▶ REQUIRED WORK
Please restate each line of the material word for word and omit any pictures.

▶ DATA SEGMENT
=== Section Start ===
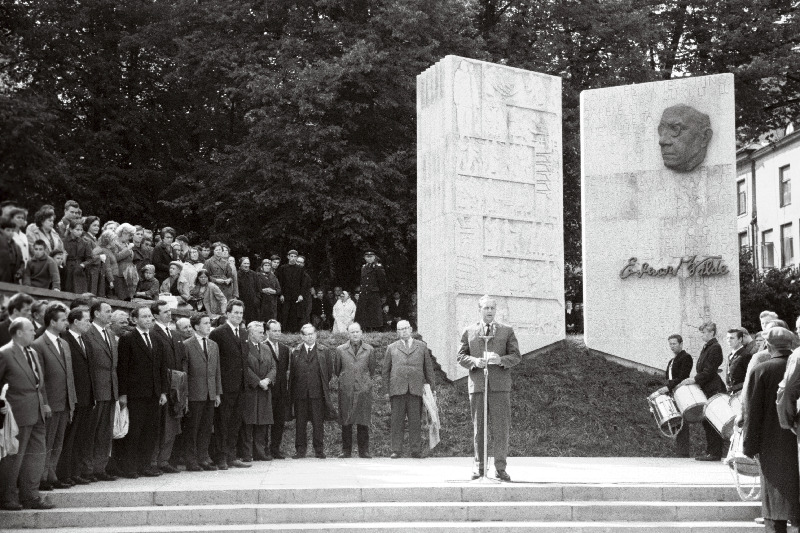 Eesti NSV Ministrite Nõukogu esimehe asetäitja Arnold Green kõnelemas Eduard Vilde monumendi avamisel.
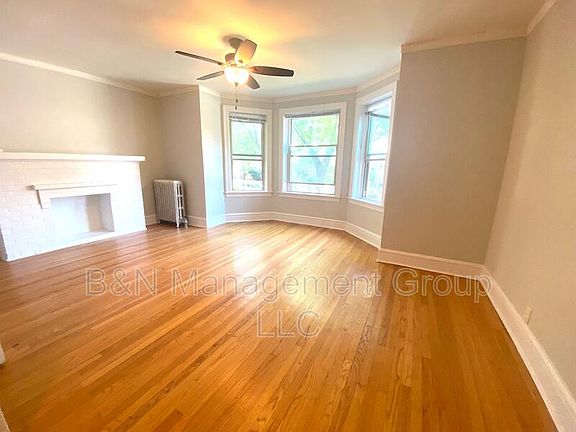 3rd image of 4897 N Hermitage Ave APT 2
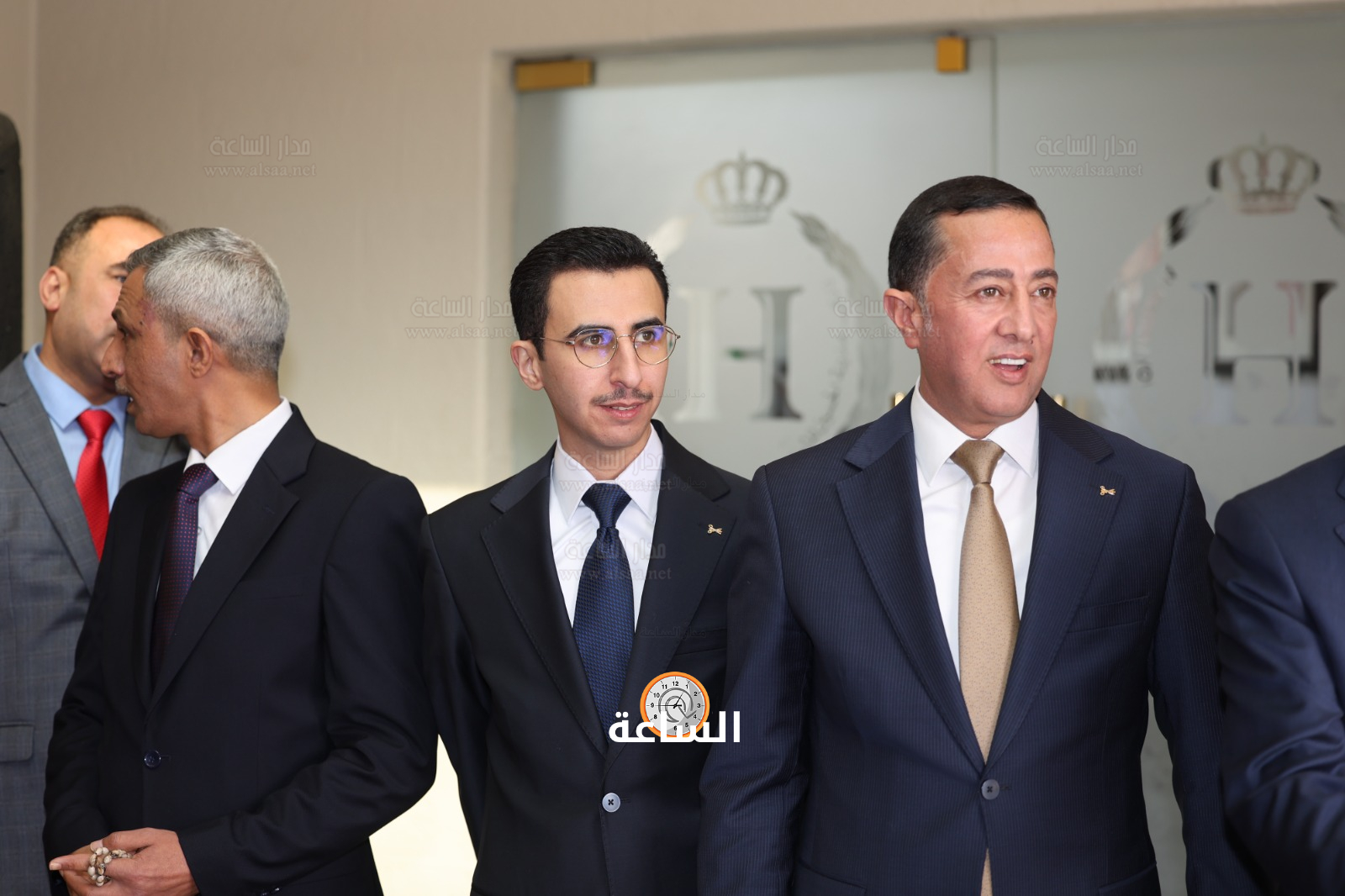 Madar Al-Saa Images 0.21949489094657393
=== Section End ===
▶ TASK SOLUTION
 Eesti NSV Ministrite Nõukogu esimehe asetäitja Arnold Green kõnelemas Eduard Vilde monumendi avamisel.
 3rd image of 4897 N Hermitage Ave APT 2
 Madar Al-Saa Images 0.21949489094657393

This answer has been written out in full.